Transcript
Introduction
"And what of Larry Ellison the man? Although much of my time with him coincided with a period of adversity for Oracle, I never once saw Ellison downcast. His unquenchable optimism and almost messianic self-belief never faltered. It is this aspect of Ellison that many people who either don't know him or know him only a little find most objectionable. For them, he is at best a bombastic showman; and at worst, a false prophet and even a self-serving liar. Yet I am more convinced than I was at the beginning of my journey with him that Ellison is an extraordinary person, quite different from and infinitely more interesting than the caricature beloved of the media. He's funny and entertaining but also highly serious, always interested in ideas and eager for new ones. Above all, Ellison is intense. There's a restlessness about him. Much about Ellison is paradoxical, even contradictory.
He's enormously vain, intellectually dominating, and irrepressibly extroverted but he's also shy, has relatively few close friends, and is in constant need of the emotional reassurance that much of his life had been lacking.

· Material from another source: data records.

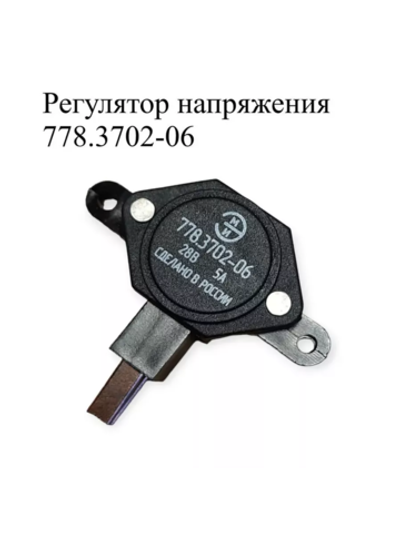 Регулятор напряжения автомобильный 778.3702-06 ЭМИ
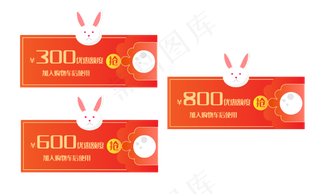 中秋折扣优惠券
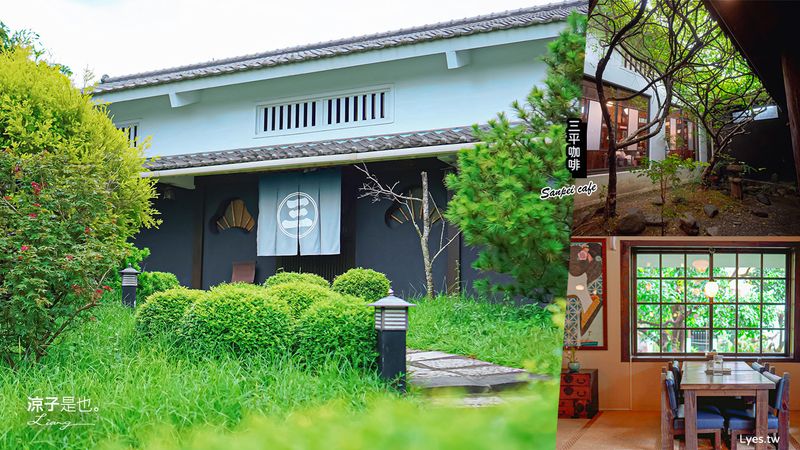 【屏東潮洲】三平珈琲(附菜單) 庭院餐廳翠綠清幽 好有日式風情呀！屏東咖啡館推薦 三平咖琲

He is determinately useful, but he is never far from thoughts of mortality. He detests vulgarity and yearns for simplicity and naturalness, but he also derives straightforward pleasure from owning hugely expensive material status symbols. He desperately wants his wealth to do some good in the world, but he recoils at the very idea of altruism. He is ultra-confrontational in business, but he goes to almost any length to avoid confrontation on a personal level. He either delegates to the point of detachment or is obsessively controlling down to the last detail. He prides himself on never losing his temper but is manifestly driven by overwhelming passions. Ellison is nothing if not complicated. Aren't we all?"
All right. So that is an excerpt from the book that I'm going to talk to you about today, which is Softwar: An Intimate Portrait of Larry Ellison and Oracle, and it was written by Matthew Symonds. So the idea to study, Larry Ellison actually came from a misfit. And I found it so interesting that I'm going to do a two-part series on him. Now I am still in this -- the middle of this multiple-parts series on the early automobile pioneers. But I'm waiting on two books to arrive. So in the meantime, I figured, hey, let's learn from -- let's see what Larry Ellison has to teach us. So let me tell you right upfront, this is not like a typical biography. It's like Larry annotated in this book. And so this is what the author has to say. He says an innovative twist was that Ellison would have the right of reply or commentary within the book, which he could either use to express a counterpoint to any of my conclusions that he disagreed with or to amplify things that he thought were important.